PS1 IPP Czar Logs for the week 2014-03-31 - 2014-04-06

(Up to PS1 IPP Czar Logs)

Monday : 2014-03-31

Tuesday : 2014-04-01

  • 12:30 CZW: restarted stdscience
  • 14:00 CZW: resumed replication processing with test.40 macro. This should be the optimum value of number of simultaneous replications/md5sum disk wait on ippb03.

Wednesday : 2014-04-02

  • 13:25 Bill: restarted postage stamp pantasks adding a task that queues requests older than 14 days to be cleaned.

Thursday : 2014-04-03

  • 12:13 Bill: restarted postage stamp pantasks with an optimization that should speed up request parsing somewhat.
  • 21:05 MEH: stdsci way way way past regular restart, polls barely loaded.. restarting so nightly doesn't get backed up...

Friday : 2014-04-04

Bill is czar today

  • 10:28 The postage stamp jobs are taking too long to process. Ran the macro hosts.detrend to add storage nodes to the list of pstamp hosts.
  • 14:07 restarted stdscience, pstamp, summitcopy, distribution and registration pantasks.
  • 14:15 started up pantasks ~ippsky/sas-pantasks using 2 x hosts.detrend. Set 2 sets of s0, s1, s2, and s3 to off in stdscience
  • 20:07 pstamp processing is overloading ippc30 (8 x finish running together). Turned dependency checking off for now and cleanup off for now. Removed the storage nodes as well.
  • 20:40 ippc30 stabilized. Reduced the # of cleanup jobs from 5 to 2 and dependency poll value down to 32.
  • 22:23 well, the sas-pantasks died about an hour ago. The pantasks.stderr and pcontrol log files each claim that the other died. Will go ahead and leave it off for the night. Putting nodes s0, s1, s2, and s3 nodes back to on in stdscience.

Saturday : 2014-04-05

  • 04:30 Bill: nightly processing is proceeding smoothly. The warp rate is 40 per hour while than chip and camera are around 130 per hour. So we now have a 200 exposure backlog at warp stage. Removing LAP label from stdscience so that once the chips finish the processing power will go to the nightly warps.
  • 06:25 since LAP is off there are no stacks so I added 2 x c2 to stdscience
  • 06:35 summit copy is done. registration complete for science exposures.
  • 08:33 restarted stdscience pantasks with default host configuration.
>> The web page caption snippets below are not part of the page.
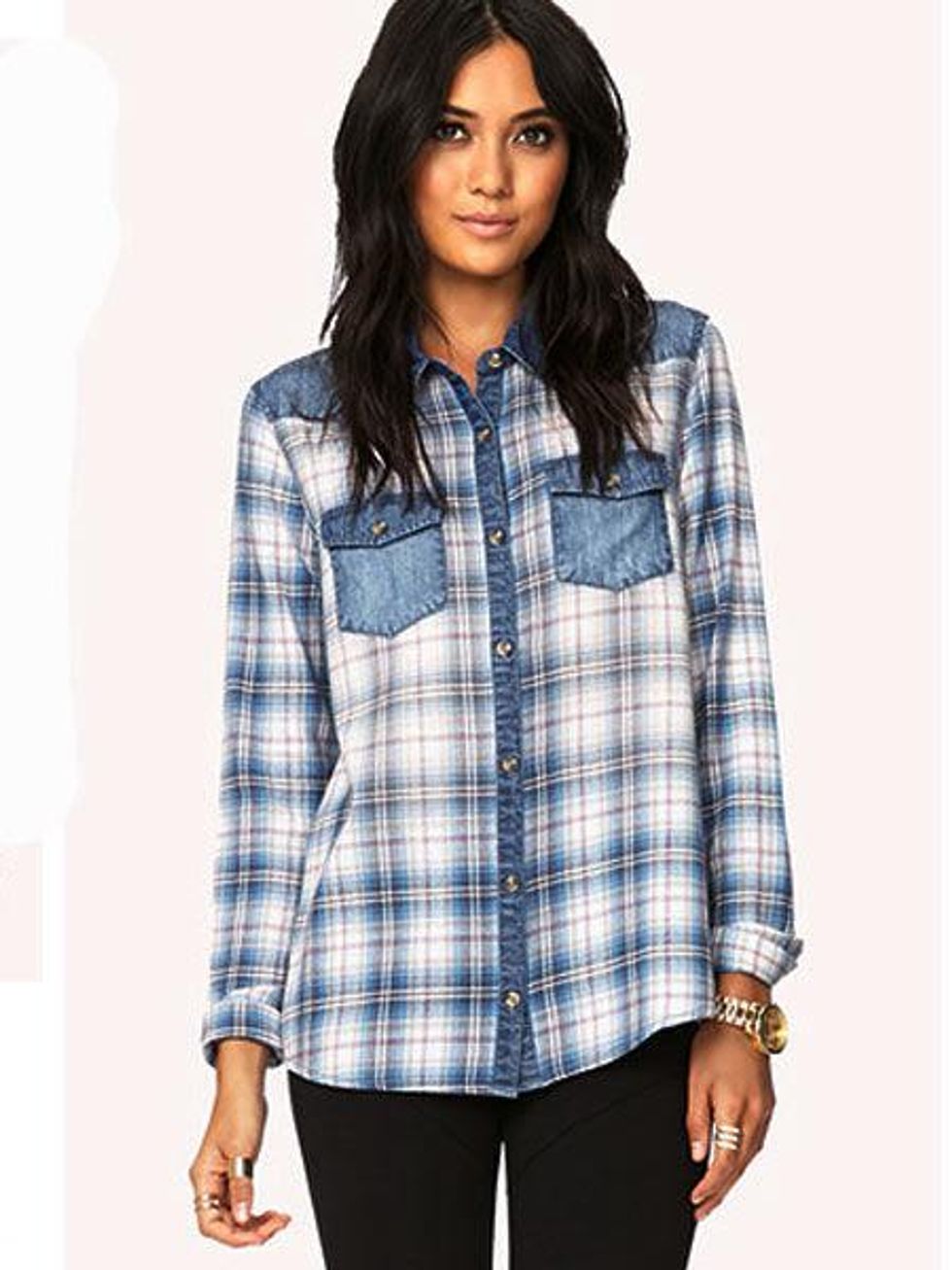 forever 21 Americana Plaid Shirt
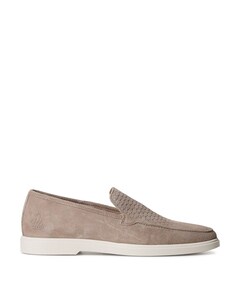 Simon blocks heren moccasins beige
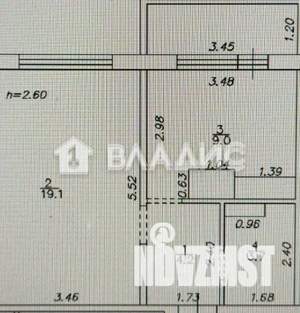 1-к квартира, вторичка, 40м2, 3/10 этаж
This starts up LAP again.
  • NOTED: When MOPS submits it's postage stamp jobs the number of faults increases greatly. Serge's special processes are running on ipp032 as well. Until the stamp jobs started processing proceeded very smoothly last night. Another thing that happened is that a number of the stsci nodes have run out of free space, which may cause stresses on some of the other nodes.
  • 08:55 set one set of storage nodes to off in stdscience and to on in pstamp
  • 14:01 pstamp overloading ippc30 again. Too many request finish jobs running dsreg doing md5sums. Set to stop to let things stabilize
  • 14:30 restarted pstamp. Set to only run 2 request finish jobs at a time.
  • started sas-pantasks

Sunday : 2014-04-06

  • 10:20 Bill sas-pantasks is done MPE's postage stamp requests requiring pv1 updates are done. Restarting stdscience and pstamp pantasks with their normal host configurations.